Whoever says C++ is slower than C is misinformed and/or overgeneralizing.

Professional C++ programmers know this already though.

4 comments

Well, much of C++ involves virtual function calls, and those are indeed slower than non-virtual calls. C doesn't have virtual calls, so that is perhaps one reason why C is generally assumed to be faster. That doesn't mean you must use virtual functions in C++; in fact, I don't use inheritance in my own code whatsoever, therefore I avoid the virtual calls but more importantly the restrictions that can creep into a tight OO hierarchy.

And std::function, from what I understand, is generally not as fast as a function pointer, a stored lambda, a function object, since it must do some run-time checks to see how to call what it is storing.

However, every sufficiently complex C program re-invents vtables (or has an even worse generic dispatching system), so you're often no worse off . . .
The only virtual call that you necessarily get with polymorphism is the destructor call.

Whenever you need to make a function virtual in C++, you'd need to store a function pointer in an equivalent C design, somehow.

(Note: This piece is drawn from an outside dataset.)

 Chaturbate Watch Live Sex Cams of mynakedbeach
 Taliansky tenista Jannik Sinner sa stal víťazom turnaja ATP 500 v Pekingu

Are you suggesting that C++ virtual functions have the same overhead as a C function pointer? I've never heard that; with the virtual call, there is the lookup + the invocation; perhaps a C app that stores function pointers in a hash map also has this sort of lookup, is that what you mean?
Vtable lookup in a typical C++ implementation is just loading a fixed offset in an array. In C terms, it's basically doing object->vtable[42]. In C code with function pointers, you're typically performing that exact same operation. You can go slightly faster if you store the function pointer in the object directly, at the cost of increased memory consumption per object if you have more than one function pointer.
Don't forget about the templates too.

A generic collection is usually faster when implemented using templates instead of void*.

Unless you use a DataDraw-like approach, I presume. I can't see templates doing similar amounts of data rearrangements.
Setting aside the cringe I experience whenever supposed principles of "OOP" are mentioned by the author, that page painfully reminds me of the that old joke about bolting four extra legs onto a dog... Furthermore, both a broader comparison (for more complex data and processing) and the technique I mentioned seems to be absent. However, I suppose it shows how to reclaim at least some benefits of better data arrangement even if the language isn't a good fit.
Did you speak of this "datadraw.sourceforge.net" ? It's the first time I heard of it. Have you used it ?
For a number of reasons, I'm not particularly fond of this specific implementation but I'm seriously considering porting its principles into something else (where they might work even better).
The only reason C++ has increased opportunities for inlining is because C++ often requires code to be placed in header files. If you wrote C in this style, you'd have the same opportunities for inlining, it's just that nobody writes it that way, because we generally prefer separately compiled libraries.
I'd even say it's generally faster because you can use integer as template arguments for enforced constant folding. Typically in video work: make a code path specialized when block width is 8, 16, 32 etc. Something that a C compiler can never do unless you use huge macros.